Run the df.describe() function on your df_ords dataframe. Using your new knowledge about how to interpret the output of this function, share in a markdown cell whether anything about the data looks off or should be investigated further.
Tip: Keep an eye on min and max values!


In [35]:
df_ords.describe()

Unnamed: 0,order_id,user_id,order_number,orders_day_of_week,order_hour_of_day,days_since_last_order
count,3421083.0,3421083.0,3421083.0,3421083.0,3421083.0,3214874.0
mean,1710542.0,102978.2,17.15486,2.776219,13.45202,11.11484
std,987581.7,59533.72,17.73316,2.046829,4.226088,9.206737
min,1.0,1.0,1.0,0.0,0.0,0.0
25%,855271.5,51394.0,5.0,1.0,10.0,4.0
50%,1710542.0,102689.0,11.0,3.0,13.0,7.0
75%,2565812.0,154385.0,23.0,5.0,16.0,15.0
max,3421083.0,206209.0,100.0,6.0,23.0,30.0


- First of all the columns 'order_id', 'user_id' and 'order_number' should not be present when we run the function 'describe()' because in the last exercise I transformed them in strings. Probably what's happening here is that the .csv file don't store the dataype and we have to set at the moment of the import the datatype for the columns.
  So since the first 3 columns should not be here we can skip them.
- Looking at the count in 'days-since-last-order' it look likes we are missing some values in that column. This may be caused bysome customers beeing first -time-buyers or they might be incomplete or corruped.
- In the 'order_day_of_week' the min value are 0 and 6. 7 numbers as the days of the week, they just start indexing the Sunday(?) with 0.


## 3

Check for mixed-type data in your df_ords dataframe


In [None]:
# Run functfor loop to check for inconsistent datatype.
# Using this sytax because is not deprecated as the one suggested in the course.

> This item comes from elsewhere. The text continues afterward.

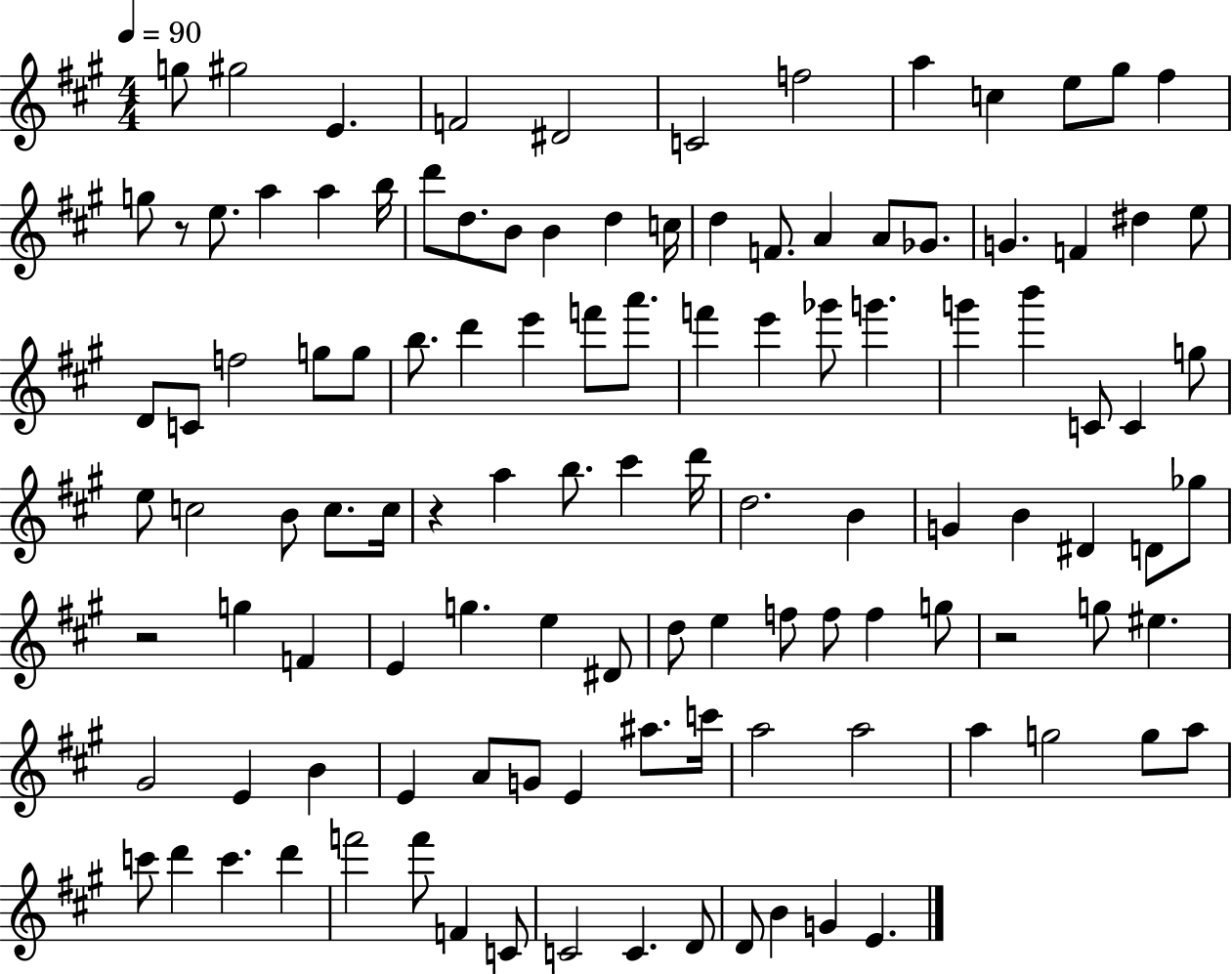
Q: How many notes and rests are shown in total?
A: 115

for col in df_ords.columns.tolist():
    weird = (df_ords[[col]].map(type) != df_ords[[col]].iloc[0].apply(type)).any(axis=1)
    if len(df_ords[weird]) > 0:
        print(col)

There's no miced values in the dataframe variables.


## 4

If you find mixed-type data, fix it. The column in question should contain observations of a single data type.


In [41]:
# checking the columns
df_ords.dtypes

order_id                   int64
user_id                    int64
order_number               int64
orders_day_of_week         int64
order_hour_of_day          int64
days_since_last_order    float64
dtype: object

## 5

Run a check for missing values in your df_ords dataframe.
In a markdown cell, report your findings and propose an explanation for any missing values you find.


In [43]:
# run the function to chedck for missing values
df_ords.isnull().sum()

order_id                      0
user_id                       0
order_number                  0
orders_day_of_week            0
order_hour_of_day             0
days_since_last_order    206209
dtype: int64

'days_since_last_order' has a lot of missing values. Here we have to understand if this is caused by the fact that some of theese people have never made an order or an error of the transciption of the databse.
This information should be stored in another dataframe and sent to the customer to have a check.


In [None]:
# Create a dataframe with the null values using 'isNull() = True'
df_ords_missing = df_ords[df_ords["days_since_last_order"].isnull() == True]

## 6

Address the missing values using an appropriate method.
In a markdown cell, explain why you used your method of choice.


In [None]:
# I already have the daframe with all the missing value now i want to check if all the missing orders have the same order_number
def is_column_constant(df, col_name):
    # Checks if all values in the specified column are the same and returns the value if true.

    # Args:
    # df (pd.DataFrame): The DataFrame to check.
    # col_name (str): The column name to check.

    # Returns:
    # tuple: (True, value) if all values are the same, (False, None) otherwise.

    unique_values = df[col_name].dropna().unique()  # Get unique non-null values
    if len(unique_values) == 1:
        return True, unique_values[0]  # Return True and the constant value
    return False, None  # Return False if values are not the same


# Run the function on df_ords_missing['order_number']
result, value = is_column_constant(df_ords_missing, "order_number")

if result:
    print(f"'order_number' is constant with value: {value}")
else:
    print("'order_number' is NOT constant")

'order_number' is constant with value: 1


It looks like that the missing values have all in common that was the first order.
Erasing the rows would be a wrong move, here the only solution is to contact the client and tell them that they probably have a problem in the data collection since customers that have done only one order should have a placeholder in the 'days_since_last_order ' untill they make a second order.


In [None]:
# Create a new column 'first_order' where 1 means first-time order, 0 means repeat order
df_ords_modified = df_ords.copy()  # Make a copy to keep the original safe

# Add the 'first_order' column in the new DataFrame
df_ords_modified["first_order"] = df_ords_modified["days_since_last_order"].isna()
df_ords_modified.head()


Unnamed: 0,order_id,user_id,order_number,orders_day_of_week,order_hour_of_day,days_since_last_order,first_order
0,2539329,1,1,2,8,,True
1,2398795,1,2,3,7,15.0,False
2,473747,1,3,3,12,21.0,False
3,2254736,1,4,4,7,29.0,False
4,431534,1,5,4,15,28.0,False


Now we have our new dataframe with an added column for understanding if that was the first order or not,


## 7

Run a check for duplicate values in your df_ords data.
In a markdown cell, report your findings and propose an explanation for any duplicate values you find.


In [52]:
# This command look for full duplicates

df_ords_dups = df_ords[df_ords.duplicated()]
df_ords_dups

Unnamed: 0,order_id,user_id,order_number,orders_day_of_week,order_hour_of_day,days_since_last_order


It looks like that there are not duplicate.


## 9

Export your final, cleaned df_prods and df_ords data as “.csv” files in your “Prepared Data” folder and give them appropriate, succinct names.


In [None]:
# Export the df_ords_modified
df_ords_modified.to_csv(
    os.path.join(path, "02 Data", "Prepared data", "orders_cleaned.csv")
)